To further optimize the overall performance of the presented scheme, and to introduce residents into the equation, an advanced coverage dependent electricity tariff is proposed, under the label: Coverage Cap Policy. The policy proposes to set a consumption cap that is specific to the building’s energy yield from PV panels. In

this case, the total yield would be divided by the number of tenants, and as long as the tenant consumes under their specific cap, they are charged a reduced tariff, and naturally, an expensive tariff if they consume over the cap. By adopting this policy, residents receive benefits from the installed PV system and are presented with a financial incentive to reduce their individual consumption. This policy can be applied to an individual building, a cluster or an entire housing project, eventually providing tenants with a higher collective cap.
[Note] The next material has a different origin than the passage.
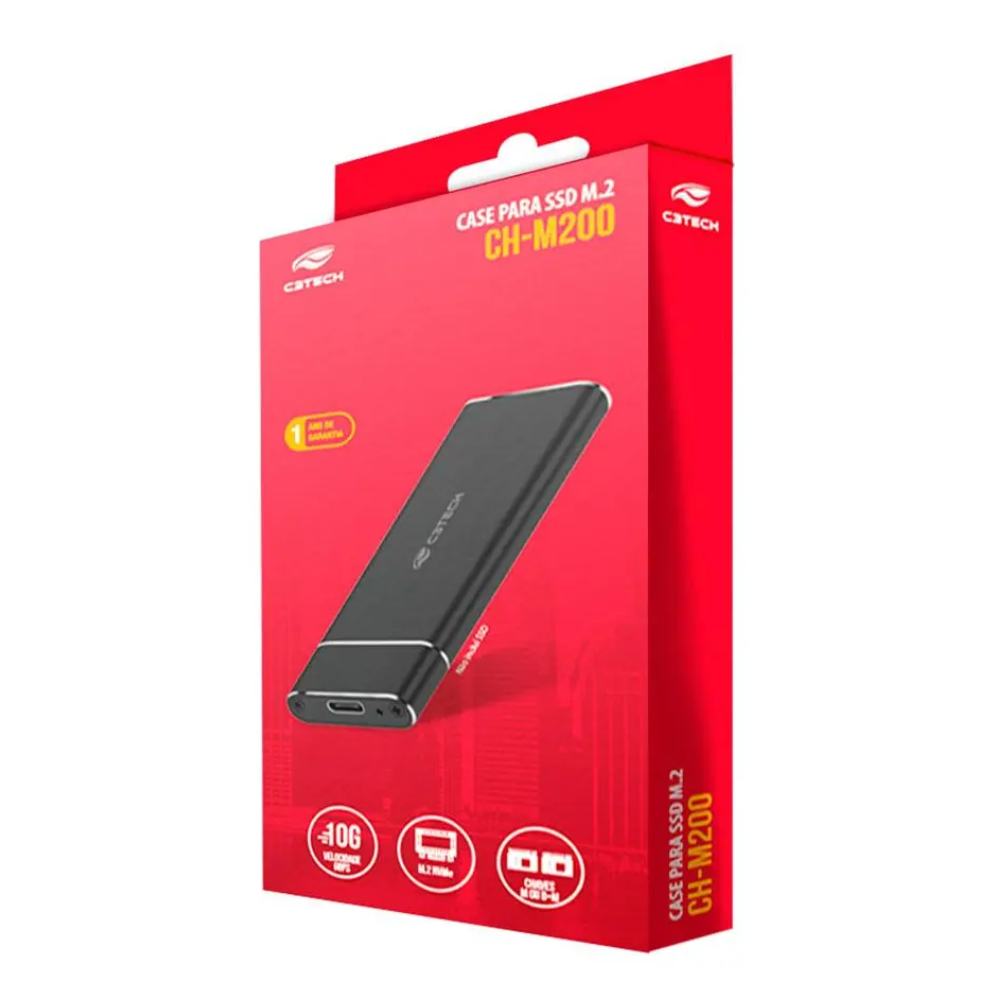 Case Adaptador Para Ssd M.2 Nvme Pcie C3Tech Usb Tipo-C - CH-M200BK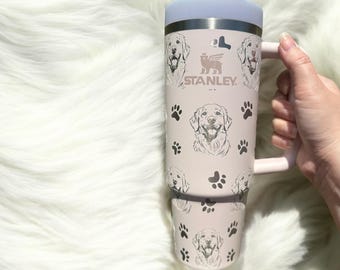 Golden Retriever Stanley Tumbler, Dog tumbler, Laser Engraved Tumbler, Dog Lover Full Wrap, Friends Gift, Birthday Gift, Christmas Gift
For further findings and potential improvements, as this thesis illustrates, the potential of the private sector to apply sustainable development scenarios, by capitalizing on the same principle, the presented scheme can be stretched to introduce other sustainable solutions like waste management, recycling and urban farming. These additions would offer limitless environmental benefits while they still present the developer with financial profits.

Conclusion

It is more practical and feasible to target the private sector for the reliable large-scale application of sustainable energy solutions rather than depend on individual actions from random individuals. In this case, the private sector is represented by developers, who can easily finance and install photovoltaic panels across entire housing projects. Installing these panels would increase total construction costs by less than 5%, while, in turn, presenting developers with an investment that pays back for itself in 5.6 years, leaving almost 20 years of financial profit from selling harvested energy. Installing photovoltaic panels across a project like Al-Rehab City would initially cover 91% of electricity demand, while if this application is taken into account during the design and construction phase, simple tweaks can be done to increase this coverage figure to reach 134%. Energy harvested from the panels has the potential to mitigate carbon emissions by 77%, while the proposed Coverage Cap Policy can provide residents with attractive incentives to reduce their individual consumption, eventually improving carbon reduction figures. Photovoltaic panels bring the generation of clean energy directly into the residential sector. By capitalizing on this possible autonomy in urban planning, and as a national policy, the residential sector, which is responsible for 40% of global energy consumption and 25% of carbon emissions, can be rendered completely energy autonomous, with very minimal carbon emissions.